Con este espíritu y con la mejor voluntad, abordo la reflexión sobre uno de los asuntos más neurálgicos que afectan la unidad de nuestro pueblo. Según la Comisión especial nombrada por el Presidente de los Estados Unidos para estudiar la situación política de Puerto Rico[5], la voluntad democrática del pueblo puertorriqueño es de suma importancia en la determinación del futuro político del país. Aunque la discusión del estatus y los procesos de consulta han sido recurrentes desde la segunda mitad del siglo XX, debemos ponderar la relevancia de la decisión fundamental y la necesidad de una formación adecuada.
En todo caso, sería conveniente establecer un itinerario intenso y confiable de investigación y orientación. Se trata de una situación compleja, en la que existen opiniones en abierto y radical contraste. Precisamente, el 17 de enero del 2014 el Presidente Barack Obama firmó la ley del presupuesto que asigna $2.5 millones destinados a una campaña educativa sobre las opciones de status de un próximo plebiscito. Correspondía al Secretario de Justicia el aprobar el plan de desembolsos, y asegurarse de que la papeleta electoral, los recursos educativos, las opciones del plebiscito fueran compatibles con las exigencias constitucionales, legales y de política pública del gobierno federal. ¿Qué ha sucedido con el propuesto plebiscito, la campaña educativa sobre las opciones políticas y los fondos asignados a la misma? Por otro lado, las últimas Comisiones presidenciales dedicadas a examinar el tema del estatus han reconocido las dificultades y los defectos jurídicos de las autoridades federales. El grupo operativo nombrado por el Presidente George W. Bush aceptó el hecho de las decisiones contradictorias de la jurisprudencia norteamericana respecto a la causa de Puerto Rico.

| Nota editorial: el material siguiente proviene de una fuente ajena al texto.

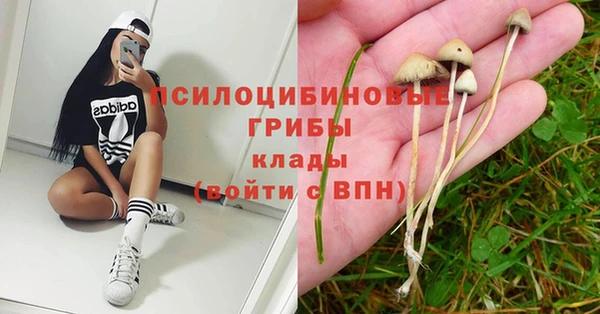 эйфоретик Володарск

La Task Force del Presidente Barack Obama, por su parte, considera que las decisiones del Tribunal Supremo de los Estados Unidos, en los casos que tratan asuntos de Puerto Rico, han sido vistas negativamente; y no miran al desarrollo de las relaciones de Puerto Rico con los Estados Unidos. El Congreso aprueba o sanciona leyes cada año, leyes que tienen graves repercusiones a lo largo y a lo ancho de la Unión, incluyendo a los territorios. Asimismo, los plebiscitos no han movido a Puerto Rico a una posición más cercana a la definición del status; surgen dudas sobre si los Estados Unidos ejecutarán la decisión de Puerto Rico y sobre la capacidad del Congreso para encontrar una salida satisfactoria. En fin, falta confianza y abunda la incertidumbre sobre la definición de las opciones del status, a la vez que se reconoce el vínculo entre la irresolución política y el derrotero económico.[6]

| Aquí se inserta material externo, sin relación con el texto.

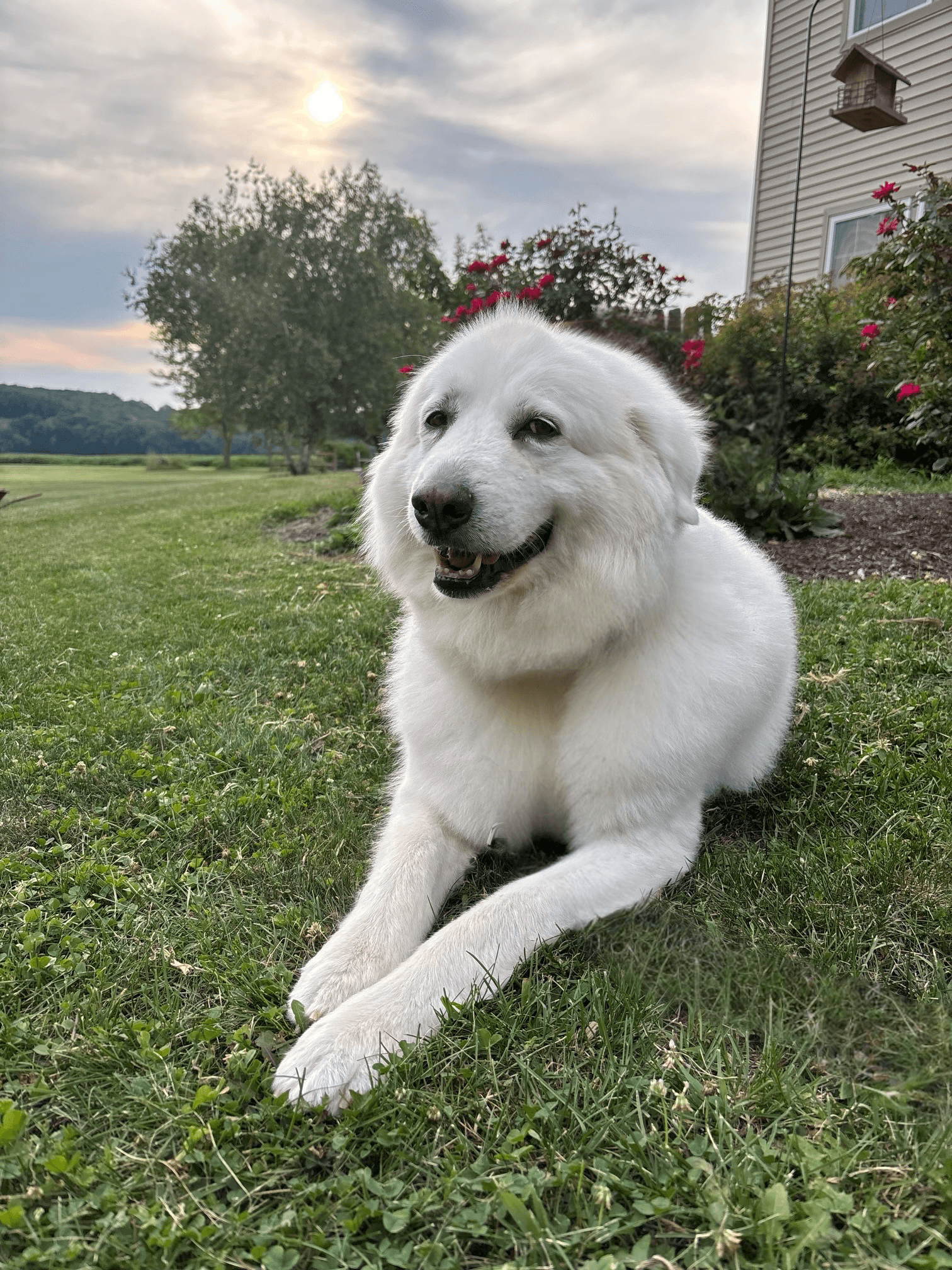 Sugar Honey - Great Pyrenees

Me parece lógico, pues, que el Presidente Obama manifestara, en su carta introductoria al Informe, que estamos ante un desafío y una ocasión oportuna. Es menester que la relación de Puerto Rico “con el Gobierno federal sea justa y equitativa y comprometerse con un proceso que apoye y respete la autodeterminación de Puerto Rico”.[7] El Informe insiste en que el estatus sigue siendo un asunto de vital importancia para el pueblo de Puerto Rico, y ha de resolverse en breve periodo de tiempo. El Presidente se declara firmemente comprometido con el principio de que la cuestión del estatus político es un asunto de autodeterminación para el pueblo puertorriqueño quien debe contar con la facultad de determinar su futuro político. La participación universal ha de superar el ámbito de los partidos y los escollos de la ignorancia, la manipulación y el fanatismo. En los documentos oficiales relativos al reciente estudio del estatus se repite el ideal de que el proceso de consulta debe ser justo, democrático, genuino, deliberativo, abierto, imparcial, claramente definido, transparente, expedito, legítimo, coherente y fiel a la voz del pueblo de Puerto Rico. Cabría añadir que los trabajos deberían transcurrir respetuosa, digna y pacíficamente. Prominentes políticos señalan el fracaso del gobierno federal al no definir claramente las opciones del estatus. La metodología, las condiciones y la seriedad del compromiso de parte de las autoridades para con los resultados pueden invalidar la consulta o convertirla en un ejercicio fútil.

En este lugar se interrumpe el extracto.